WASHINGTON, DC -- Speaker of the House John Boehner has scheduled a vote for today that attempts to delay the start of President Obama's healthcare law until 2015.
WASHINGTON, DC -- Speaker of the House John Boehner has scheduled a vote for today that attempts to delay the start of President Obama's healthcare law until 2015. This is just the latest attempt to either change, delay or repeal the law which is very unpopular with GOP lawmakers.   

The House will have another vote today on the Affordable Care Act more commonly known as Obamacare.

"They've voted 40 times to repeal it. What's happened 40 times? Of course it's failed," said Senate Majority Leader Harry Reid (D-NV), during an appearance on NBC's "Meet the Press."

Republicans want to delay the start of the law's employer and individual mandates which require smaller businesses and Americans to purchase insurance or face fines.
"This really is a train wreck," says Sen. John Thune (R-SD)

Earlier this month, the White House announced plans to push the employer mandate to 2015 because businesses said they needed more time to comply.

And last week it was reported some union leaders sent a letter to the president saying they had "deep concerns" about that part of the law. They believe businesses will cut employee hours to less than 30 a week in order to avoid paying for health insurance.

"This is undermining the fundamentals of a 40-hour workweek in the United States," predicts Sen.

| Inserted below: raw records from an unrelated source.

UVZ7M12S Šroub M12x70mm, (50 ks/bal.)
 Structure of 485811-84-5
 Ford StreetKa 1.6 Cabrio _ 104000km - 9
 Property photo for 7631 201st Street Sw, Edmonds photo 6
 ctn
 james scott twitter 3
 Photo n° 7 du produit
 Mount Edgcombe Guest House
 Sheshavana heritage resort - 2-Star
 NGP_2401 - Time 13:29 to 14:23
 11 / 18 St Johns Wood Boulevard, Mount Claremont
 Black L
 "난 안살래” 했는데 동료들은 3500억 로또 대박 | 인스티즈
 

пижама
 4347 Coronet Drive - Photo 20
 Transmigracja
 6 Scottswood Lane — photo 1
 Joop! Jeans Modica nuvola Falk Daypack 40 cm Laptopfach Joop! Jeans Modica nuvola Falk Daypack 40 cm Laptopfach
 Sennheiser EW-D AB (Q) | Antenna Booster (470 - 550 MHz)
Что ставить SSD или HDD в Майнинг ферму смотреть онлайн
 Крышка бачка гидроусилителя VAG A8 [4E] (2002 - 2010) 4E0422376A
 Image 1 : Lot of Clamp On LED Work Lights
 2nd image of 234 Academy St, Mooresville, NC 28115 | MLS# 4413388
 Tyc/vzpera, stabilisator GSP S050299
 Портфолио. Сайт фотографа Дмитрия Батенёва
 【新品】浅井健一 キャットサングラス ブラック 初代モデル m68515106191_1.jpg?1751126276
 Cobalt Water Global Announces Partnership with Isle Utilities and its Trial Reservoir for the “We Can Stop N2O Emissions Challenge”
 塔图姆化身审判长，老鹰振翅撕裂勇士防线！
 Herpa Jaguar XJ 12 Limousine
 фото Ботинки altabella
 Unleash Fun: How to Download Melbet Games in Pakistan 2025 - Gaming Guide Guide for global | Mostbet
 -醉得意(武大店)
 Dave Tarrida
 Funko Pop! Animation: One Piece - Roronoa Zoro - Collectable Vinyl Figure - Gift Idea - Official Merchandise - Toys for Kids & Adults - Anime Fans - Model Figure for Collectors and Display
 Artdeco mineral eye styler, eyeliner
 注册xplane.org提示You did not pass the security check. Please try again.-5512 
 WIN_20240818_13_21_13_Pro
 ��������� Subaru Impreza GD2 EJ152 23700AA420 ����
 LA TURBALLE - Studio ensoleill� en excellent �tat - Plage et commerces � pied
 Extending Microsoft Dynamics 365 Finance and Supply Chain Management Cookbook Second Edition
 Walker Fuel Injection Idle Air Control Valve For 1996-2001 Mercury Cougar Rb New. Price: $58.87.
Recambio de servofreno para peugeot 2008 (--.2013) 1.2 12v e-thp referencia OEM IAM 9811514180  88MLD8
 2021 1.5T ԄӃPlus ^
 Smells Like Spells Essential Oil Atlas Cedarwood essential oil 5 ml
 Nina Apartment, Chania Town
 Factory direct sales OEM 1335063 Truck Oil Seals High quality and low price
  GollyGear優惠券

John Barrasso (R-WY)

While the White House is willing to push the employer mandate, it says the individual mandate must start as planned in order to make health insurance cheaper for everyone.

"It's unfair to protect big businesses without giving the same relief to the American families and small businesses," says Boehner (R-OH).

Democrats say rather than trying to get rid of the law, Republicans should work with them to fix any problems.

"They should just get real and understand this is a law that's important and they should work with us to improve it," Reid says.

Even if the bills pass the House today, they have little to no chance of passing the Senate.

Nine out of 10 businesses required to provide health insurance under the employer mandate already do so.